Le message de Roberto Casati se veut clair : il faut protéger la lecture approfondie, ne pas se laisser envahir par les écrans à tout moment de la journée. Il faut résister au « colonialisme numérique ». Pourquoi un titre à contre-courant des tendances actuelles ? Parce que pour l’auteur, le livre et les pratiques qui l’accompagnent, sont un écosystème à préserver en raison de leurs valeurs cognitives, sociales et culturelles. Le remettre en cause avec des technologies numériques, ce n’est donc pas simplement remplacer un support, mais bien bouleverser un ordre établi. Et cette thèse nous est expliquée tout le long de l’ouvrage.

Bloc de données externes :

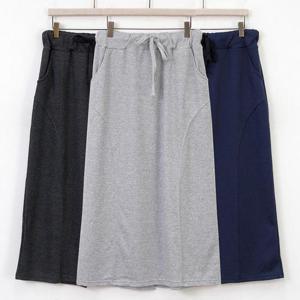 [강물처럼]위쉬몰 MN 트레이닝롱스커트(0207H404) 빅사이즈 (143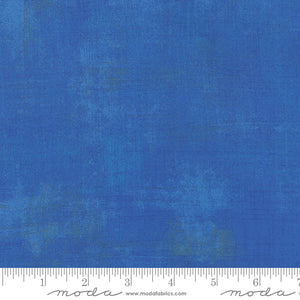 Grunge Basics Royal, 300, by Moda Fabrics, sold by the half-yard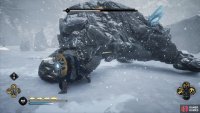 Flank Steinnbjorn as often as possible to strike with a series of light attacks and dodges.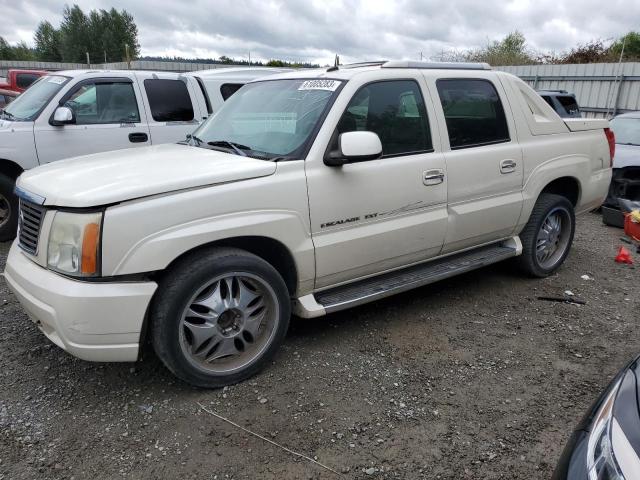 CADILLAC ESCALADE E 2003 with VIN 3GYEK63N93G163783 - Photo from auction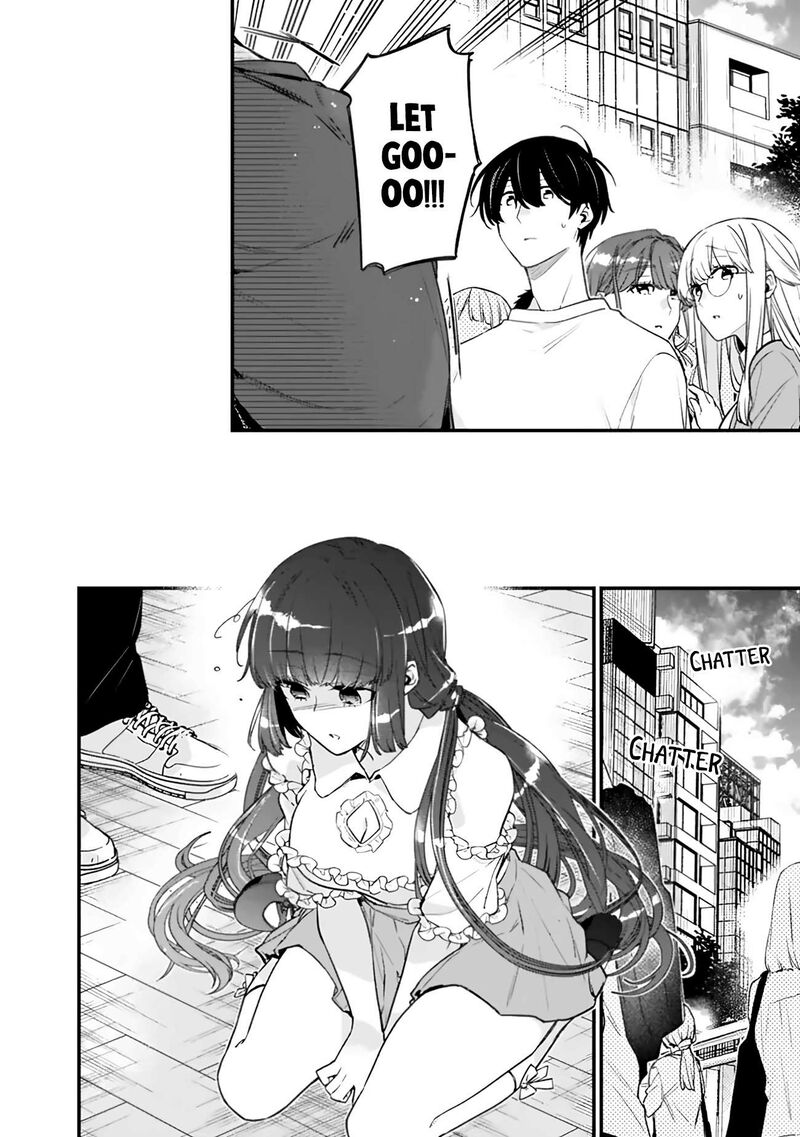 Osananajimi Kanojo No Morahara Ga Hidoin De Zetsuen Sengen Shite Yatta Chapter 54c Page 2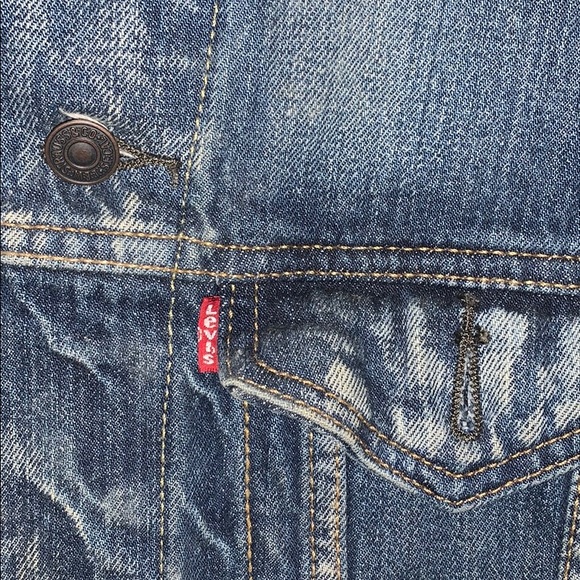 Jean jacket - Picture 3 of 4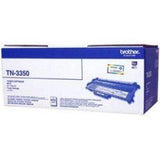 Brother TN-3350 Black Toner Cartridge 8,000 Pages Original Single-pack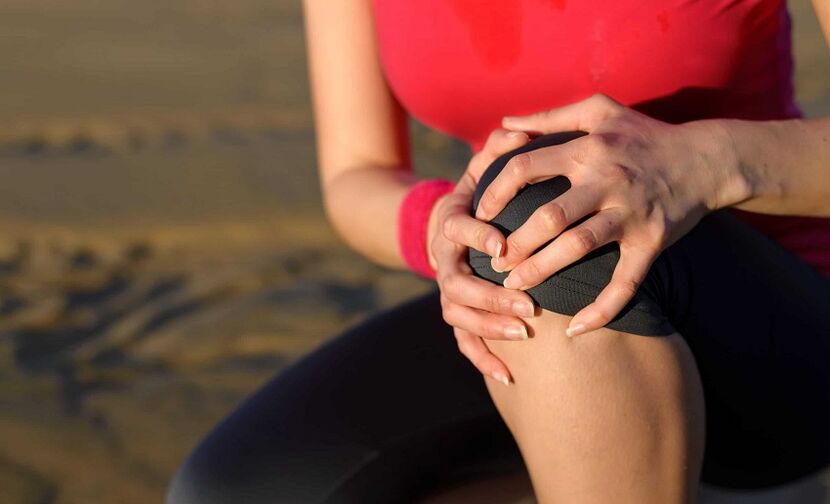 Douleur au genou due à l'arthrose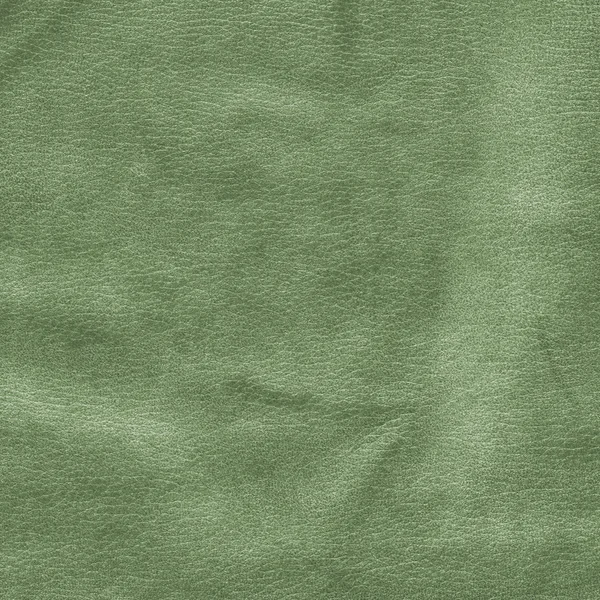 Green leather background for design-works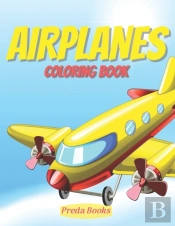 Airplanes Coloring Book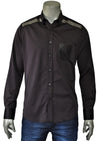 Black Studded "Dream" Shirt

Il commence par comparer dans le premier chapitre le livre numérique, et plus précisément la lecture sur tablette iPad avec le livre papier, parce que celle-là est considérée comme le parangon du colonialisme numérique. En effet, cette tablette réunit de multiples fonctionnalités, dont la possibilité de lire des livres électroniques. Or, c’est bien cela qui pose problème selon l’auteur, parce que l’attention du lecteur, sollicitée par autre chose en permanence, est perturbée là où le livre papier ne propose qu’une seule chose : la lecture, ce qui permet de rentrer dans la lecture approfondie. L’auteur prend les caractéristiques du livre papier, souvent décrites comme des limites, et les tournent à son avantage en plaidant pour une défense institutionnelle du livre, notamment en ce qui concerne l’école.

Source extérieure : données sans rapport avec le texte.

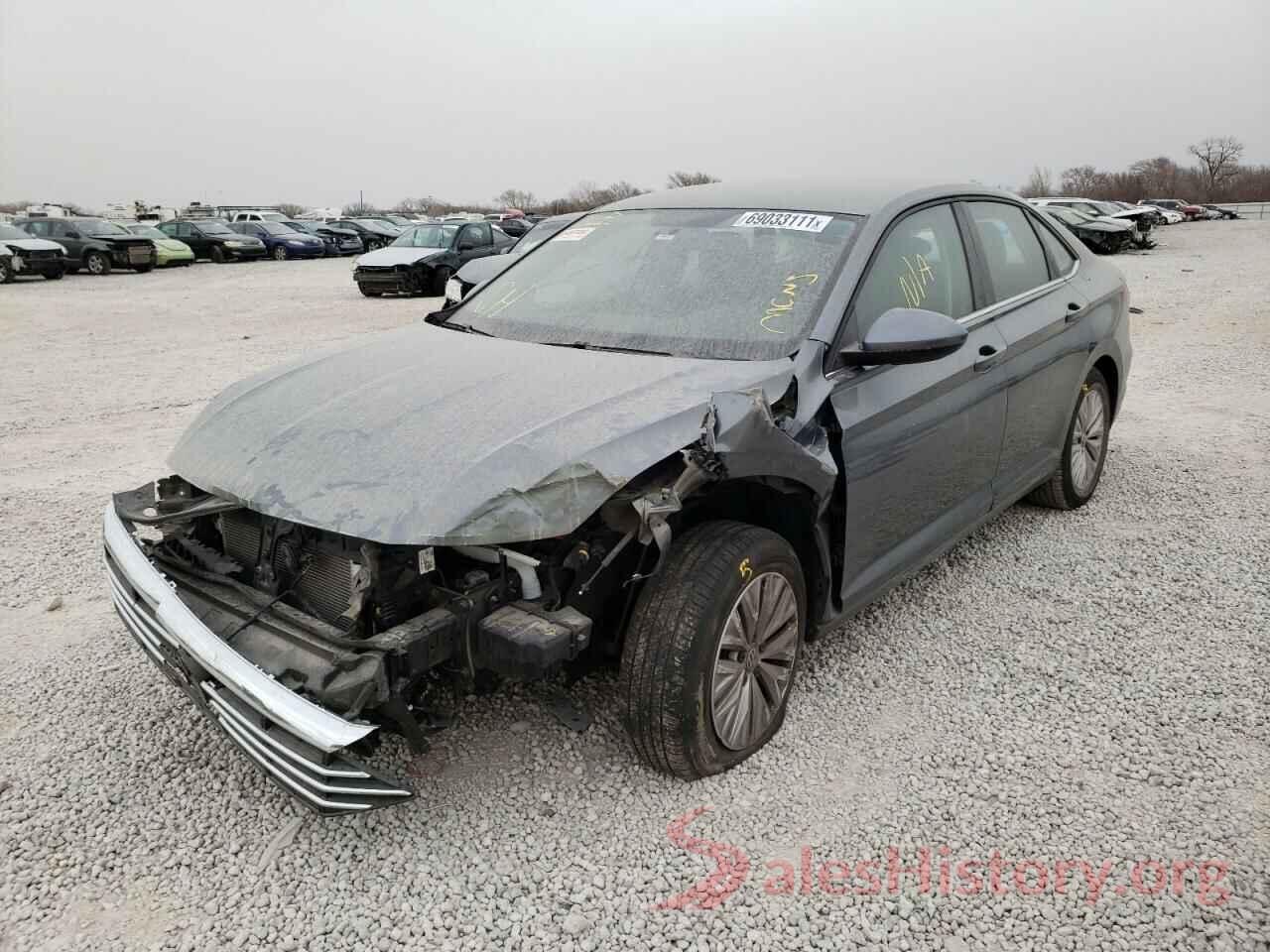 3VWCB7BU9KM212666 2019 VOLKSWAGEN JETTA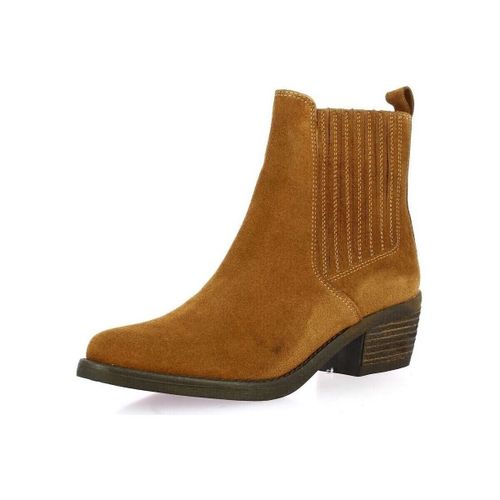 Boots So Send Boots cuir velours - So Send - Modalova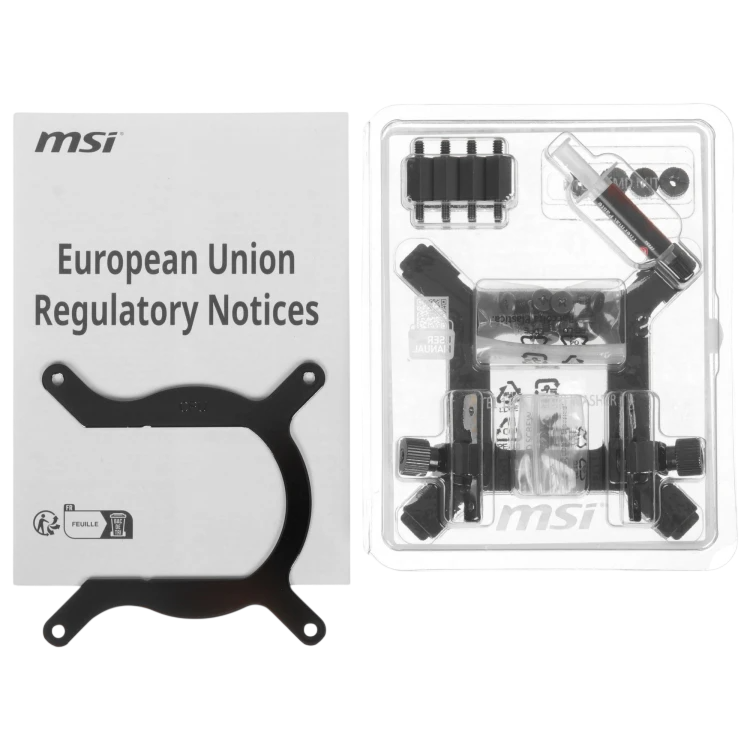 Система жидкостного охлаждения для процессора MSI MAG CORELIQUID I360 ARGB Black (306-7ZW8A11-C24)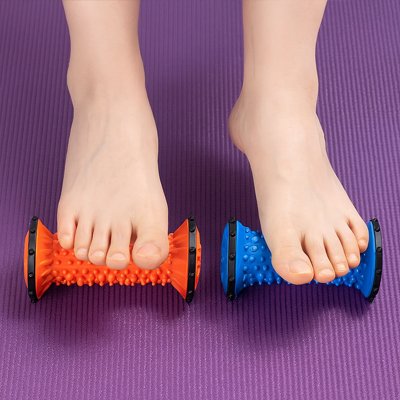 Rouleau massage musculaire compact portable soulagement douleurs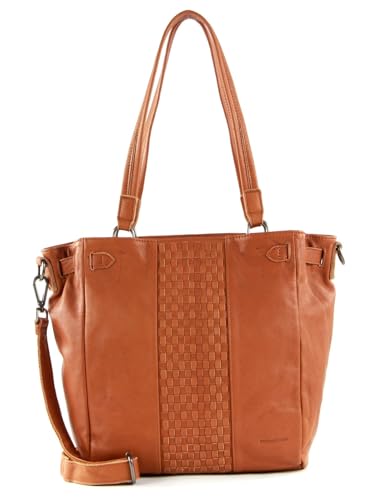 FREDsBRUDER Tasche Midnight mit Label-Applikationen von FREDsBRUDER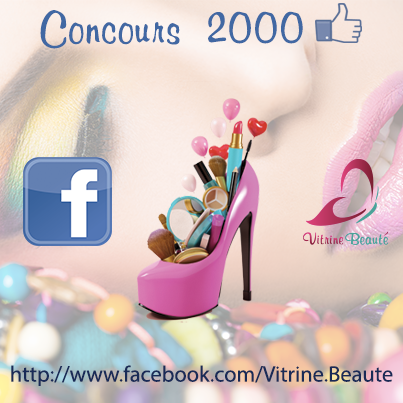 concours vitrine beaute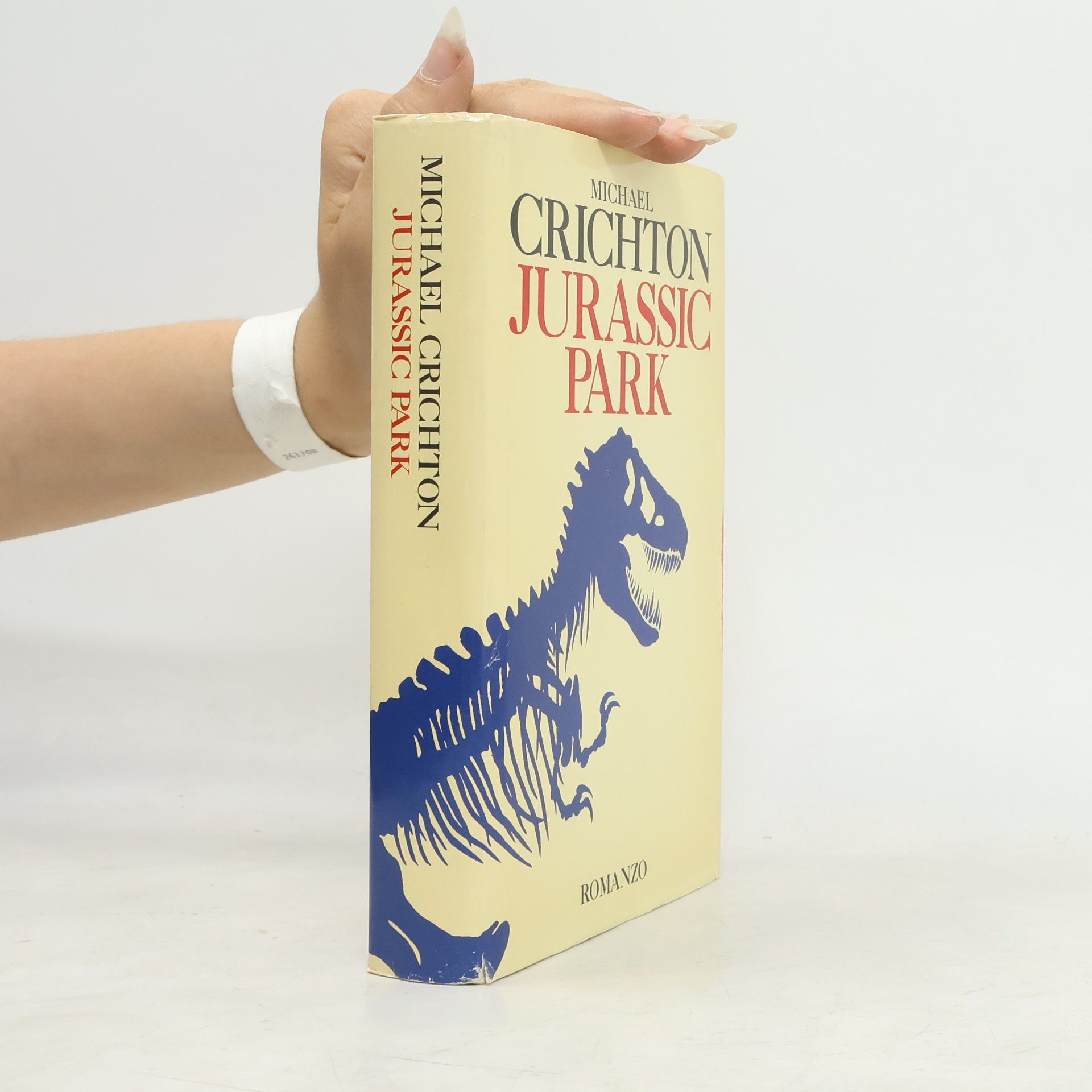 Michael Crichton Jurassic Park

Ce point, développé dans un deuxième chapitre, précise que la bataille de l’attention en cours est un enjeu trop important pour être laissé aux seuls industriels. Deux visées se rencontrent : celle de la lecture approfondie et celle des supports numériques. Pour R. Casati, il est évident que l’école doit rester low-tech et tout faire pour sauvegarder la lecture approfondie. Parce que son éthique demande au lecteur une assiduité et une concentration qui ne se retrouvent pas sur iPad. D’où la nécessité de designer l’espace et le temps éducatifs pour qu’ils s’adaptent au monde de la lecture. En revanche, le support tablette numérique entraîne trop de distractions, selon l’auteur, ce qui devient problématique dans le cadre scolaire. Cela, d’autant plus que les élèves ne maîtrisent pas les outils numériques, comme le troisième chapitre du livre le rappelle.
Les digital natives ne sont qu’un mythe, d’après Roberto Casati, tout comme l’idée d’une intelligence numérique. Il faut apprendre aux élèves à maîtriser les supports numériques, et à en faire un usage raisonné. Mais pour cela, il faut d’abord apprendre aux élèves à réfléchir, à structurer leur pensée. C’est justement ce que l’école veut offrir, en donnant un point de vue différent sur les informations, qui sont, désormais, trouvables n’importe où. Parce que les supports numériques, pour l’auteur, ne remplaceront jamais la relation avec un enseignant. Il prend donc le livre et l’école comme deux éléments-clés de la résistance au numérique. Cette résistance est, selon lui, nécessaire si l’on ne veut pas plonger dans une société de la trace, où toutes nos activités (politiques, économiques, sociales, culturelles) seraient enregistrées et traitées par algorithmes pour donner des profils types d’utilisateurs, comme il l’envisage dans le quatrième chapitre avec d’autres dérives. Résister doit permettre aux usagers de s’emparer des TIC pour les détourner, pour inventer de nouveaux usages qui diffèrent de ceux pensés par les concepteurs. Remettre du hasard dans les programmations informatiques, en faisant des recherches aléatoires, afin de ne pas s’enfermer dans les systèmes de recommandations des moteurs de recherche, telle est une des pistes laissée par l’auteur dans le dernier chapitre de l’ouvrage.
Cette réflexion a le mérite de redonner sa place à la lecture approfondie, et d’expliquer en quoi cette pratique a son importance, encore aujourd’hui. Elle permet aussi de démonter un certain nombre de mythes (les digital natives, les avantages révolutionnaires du numérique éducatif…). En revanche, il nous semble que l’idéal de l’école défendu ici part du postulat que tous les élèves sont passionnés par les études, et que c’est le devoir de l’institution de les encourager dans cette voie. Or, c’est un mythe qui favorise une vision élitiste de la société, où seuls les meilleurs élèves réussissent dans les études. Il faut admettre qu’il n’y a pas qu’un seul type d’école, ni un seul type d’élèves, et encore moins un seul type de réussite scolaire. S’il faut raison garder quant à l’usage des supports numériques, il ne faut sans doute pas lutter contre des mythes avec d’autres mythes.